For some reason I can no longer remember – I was probably trying to be funny, always a mistake – I started doing a fake Russian accent in front of my eleven-year-old daughter on the way home from school. I was entirely taken aback when she rounded on me furiously and accused me in no uncertain terms of being ‘a racist’.
Leaving aside for the moment the fact that self-righteousness seems to have become a plague even among pre-teens, my first reaction was to laugh, which made her even angrier. Faced with such fury, my second reaction was more unsettling. Could she possibly be right?
I always like to assume that my children are wrong as a matter of course – it makes life so much easier – but annoyingly in this case it occurred to me she might have had a point. Or rather, she may have had a logical presupposition on her side which was difficult to easily argue with. If it was racist to adopt, say, a Pakistani or a Chinese accent, why wasn’t it racist to do a Russian one?

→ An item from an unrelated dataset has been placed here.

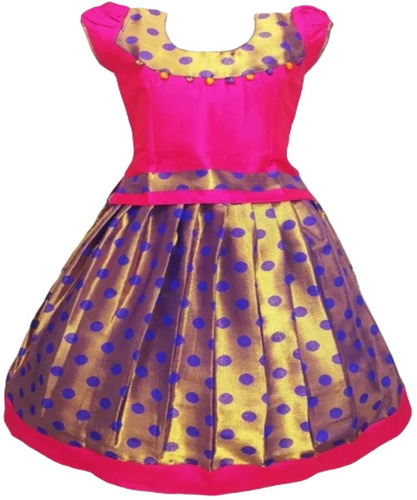 Silk Pattu Pavadai - Regular Fit Ethnic Summer Dress in Elegant Pink | Breathable, Washable, No Fade, Short Sleeves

The point is, children often ask difficult questions which give you the uncomfortable feeling that quite a lot of your thought and behaviour is a matter of habit or custom rather than actual logic.
To take another example, another one of my daughters (I have four) once asked me why she couldn’t have cake for breakfast. I responded with bluster, mainly because I couldn’t work out the answer. After all, muffins, Danish pastries and sugary cereals are all essentially cakes. Why not scones with jam and cream or chocolate gateau? For that matter, since we are on the subject of sweet things, why does dessert always come after the main meal and not before? Who wrote the rulebook?

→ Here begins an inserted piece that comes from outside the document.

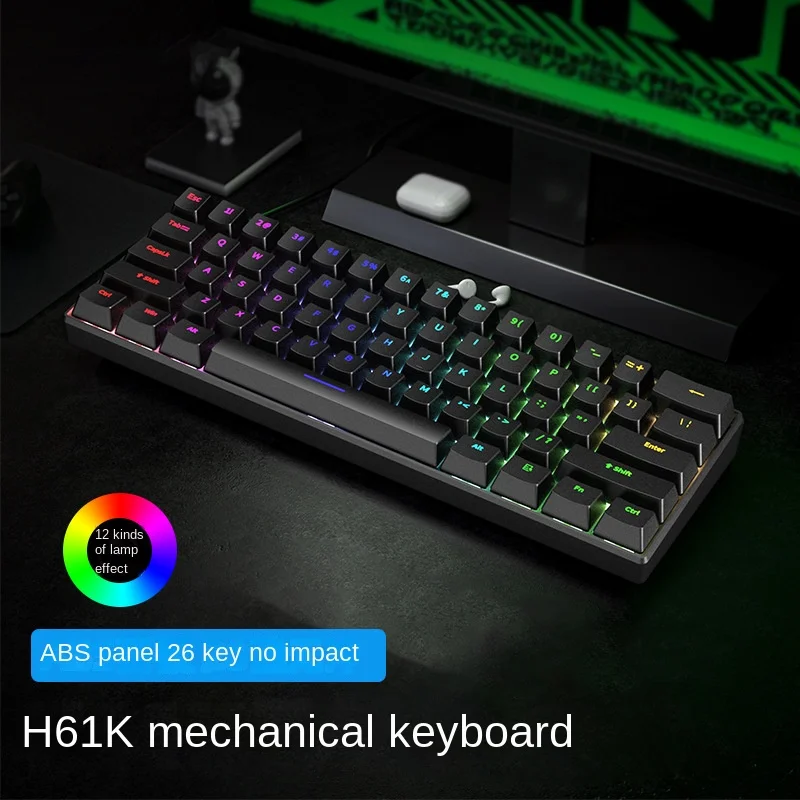 Teclado mecánico blanco para juegos, dispositivo USB 60%, mini teclado español, teclado para pc, ordenador portátil - imagen 2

My own parents had an effective rejoinder to this – ‘because I say so!’ This was obviously a cover for the fact that they didn’t have a good answer. However, this response no longer seems to cut much ice.
A similar dilemma arises when my daughter asks why she should have to tidy up her room when, well, it’s HER room, right? Once more, I find myself stumped to find a sufficiently convincing response. For that matter, why should she have to wait until she is 11 before having ear studs? Why not ten, or nine? Why can’t she cut all her hair off if she feels like it? I’m not sure. She just can’t.
Having children teaches you quite quickly how trapped by convention we actually are, and how unexamined so many of our thoughts and behaviours tend to be – which is disconcerting. That’s why children’s straightforward simplicity of mind is so very annoying.
Why are rude words rude? After all, they are only sounds coming out of a mouth. And why can parents use them and not children? Why, in some households, is it de rigeur to say ‘loo’, and absolute taboo to say ‘toilet’. Again, it’s far from clear.
Frankly, my children make me think more than I care to. Before I know it, I shall start to ask myself why I tie a length of patterned cloth around my neck when I am attending a formal occasion, or why one sends Christmas cards to people one may not care for or even like.
Eventually my children will grow up and learn to stop questioning all the stupid things we do, and just go along with it like everyone else, or talk about the weather we’ve been having. They will lose their innocent simplicity and become corrupted adults riddled with irrational assumptions.
It’s a terrible shame I suppose. But I, for one, just can’t wait for them to get as dumb as everyone else. It makes life so much easier. And I’ll be able to continue working on my Russian accent. Which, whatever my daughter says, is hilarious.